I find it incredibly exhausting and nerve-racking. I get so upset that I said something wrong and it ruins my day. It gets me depressed, tired, mad, and all of the other crappy feelings.
And for a 15 year old girl to be saying this, when the "normal" girls are out partying and having fun with friends, its pretty sad. But then again, I will never be normal.


----------



## byzantinedreams (Aug 3, 2013)

Absolutely, I always feel insecure and inadequate when talking to people.


----------



## Bedouin (Aug 3, 2013)

Oh hell yes. Socialising is so predictable; dread before, enjoy during, wear out after a while, fatigued afterwards and looking for any way to be alone. Very frustrating when I get to the point where I've had enough and I end up beating a hasty retreat, looking strange to all who notice.

It's particularly bad when the person is intense or I don't know them. I am very subdued, so when someone is always being loud and making childish or uninteresting jokes it exhausts me in no time. The worst is when those two are combined, so there is someone who is not only a virtual stranger but is also very intense. This happens a lot at art exhibitions; I am from an artistic family so I have grown up to hate going to most exhibitions. Because they are exhausting.

Anyway yeah I would say though that if I am with a good friend who is not intense and we have known each other for a very long time I can stand spending days on end with them, in fact there is theoretically no limit. So it is not so much socialisation in general as just socialising with the majority of people.


----------



## Ntln (Apr 27, 2012)

I find it exhausting, but that's not what stops me from doing it. It's just not "me". I feel like I can't relate to most people, so trying to find things to talk to them about is difficult and feels fake. On the other hand though, I will admit I can be really clingy if I do find someone I like talking to.


----------



## always starting over (Mar 15, 2013)

Yeah it's mainly what drives me away from being social. Right around the 30 minute mark I get so impatient that I feel like I have to leave immediately. Doesn't matter if it's with family, either. I haaaaate that feeling.


----------



## low (Sep 27, 2009)

Yeah I get the burn out too. Huge conscious effort etc.


----------



## Letmebe (Dec 17, 2012)

Yes, it is exhausting I agree.


----------



## Miss Imaginary (Jul 4, 2012)

Yes. I just returned from a family wedding and although I didn't do too badly and even enjoyed myself at times I feel like I could sleep for a week!


----------



## Nono441 (May 14, 2012)

Yeah, I agree. A lot of the "normal" people get their energy from socializing. But introverts, and people with SA, actually spend energy trying to socialize, to varying degrees.
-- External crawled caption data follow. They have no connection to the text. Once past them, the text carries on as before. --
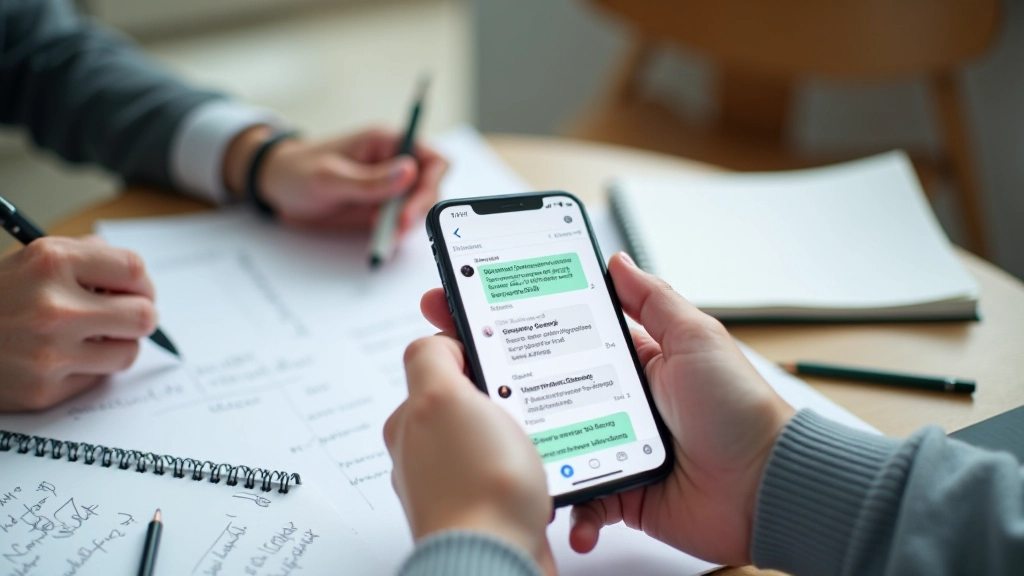 Mobiele telefoon met chatberichten, notitieblokken met handgeschreven plannen, diverse achtergrond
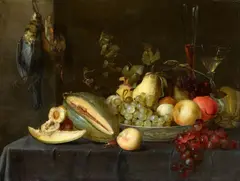 Pieter van Overschie, Still Life with Fruit and Birds, Oil on panel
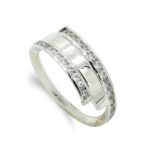 9K SORTIJA ORO BLANCO CON CIRCONITAS, ANCHO: 7,5 MM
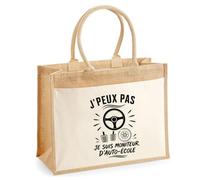 Sac Cabas Jute avec Poche J’peux pas je suis Moniteur d’auto-école J'peux pas minimaliste | Toile de Jute et Coton 21 L Fond Plat Anses 65 cm | Marché Courses Plage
And, yes, when I try to socialize it goes on well for a while but at some point (usually a few hours later) something in my head goes wrong and I just shut down completely and desperately want to leave. It's really frustrating.


----------



## alonebutnotlonely (Aug 5, 2013)

LouAS said:


> I'm talking about just being around people, interacting just for a mere 30minutes. I find it is enormously exhausting mentally and I would prefer to run up a 350m hill 5km away (which I often do haha).
> 
> This is dominated by my social anxiety of course, but sometimes it's not and I cannot pin it. Anyway this is mainly why I enjoy the company of my thoughts more than other a lot of the time. It's not like I am left unable to socialise because of my SA, but I just find it too draining.
> 
> I would love to find out what others think


How did you get in my head?


----------



## Letmebe (Dec 17, 2012)

It is doubly so for me because I have to wear "masks" to socialize, when I wear them I seem "normal" and can interact with others but keeping them up is a energy drainer.
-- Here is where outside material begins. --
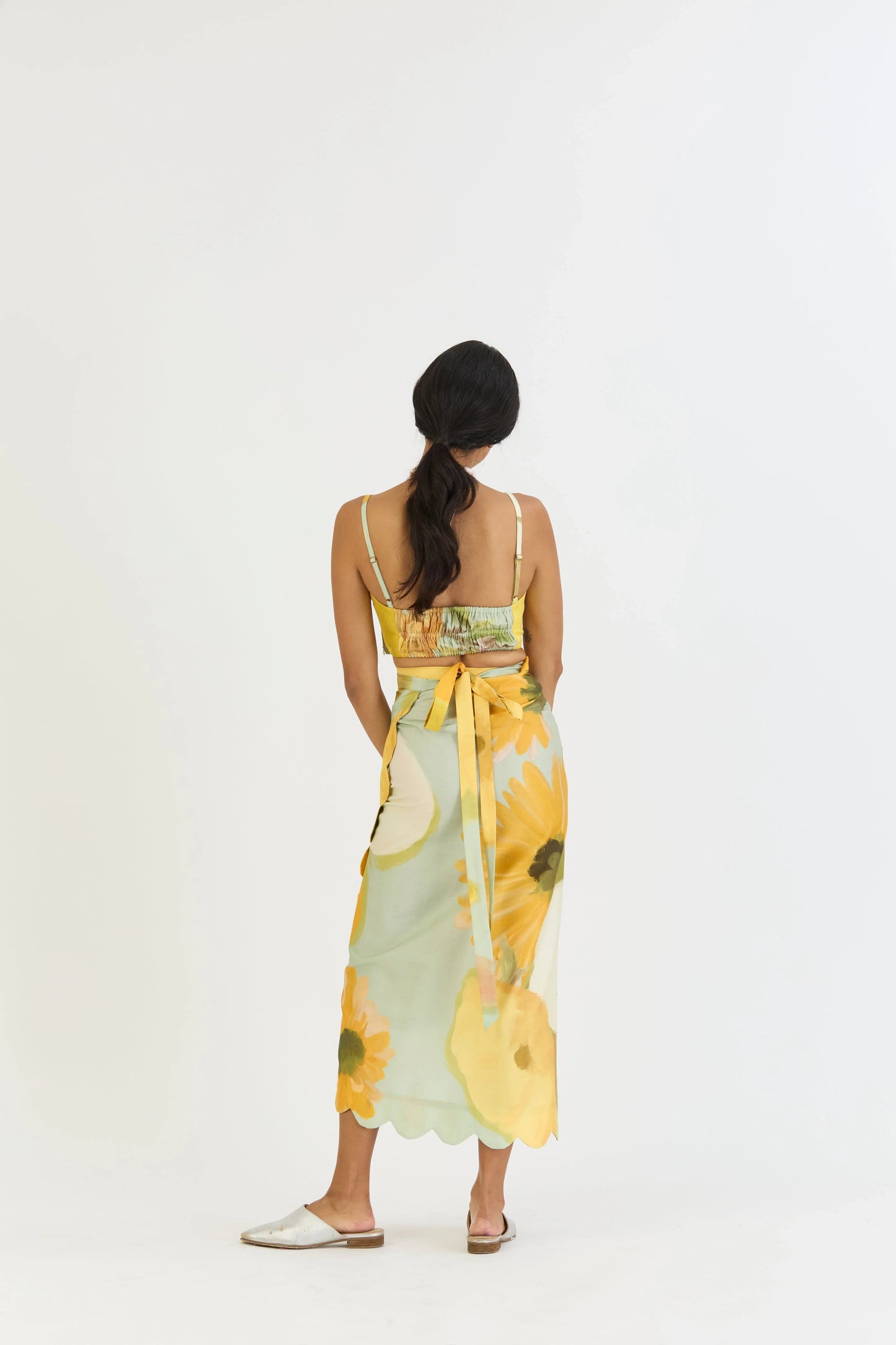 Buy Lemons and Sunflower Wrap around skirt set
Though my masks work very well, so well almost no one realizes I have SA or PTSD unless a attack happens; they are double to triple the energy to maintain them than for many SA people just being around others.

Especially for long time periods.


----------



## sunlightruns (Jul 27, 2013)

it is pretty draining, actually.


----------



## Maere (Aug 8, 2013)

Similar to the answers above,* yes*. It is very exhausting but I also find it terrifying if I'm silent with another person. I literally *HAVE* to socialize in order to avoid that dreadful feeling.

It's hard to find someone to enjoy silence with really.


----------



## Unkn0wn Pleasures (Nov 24, 2011)

LouAS said:


> I'm talking about just being around people, interacting just for a mere 30minutes. I find it is enormously exhausting mentally and I would prefer to run up a 350m hill 5km away (which I often do haha).
> 
> *This is dominated by my social anxiety of course, but sometimes it's not and I cannot pin it*. Anyway this is mainly why I enjoy the company of my thoughts more than other a lot of the time. It's not like I am left unable to socialise because of my SA, but I just find it too draining.
> 
> I would love to find out what others think


I feel the same way. At times the reason I can't talk is not so much anxiety as exhaustion (from anxiety maybe?). It's odd.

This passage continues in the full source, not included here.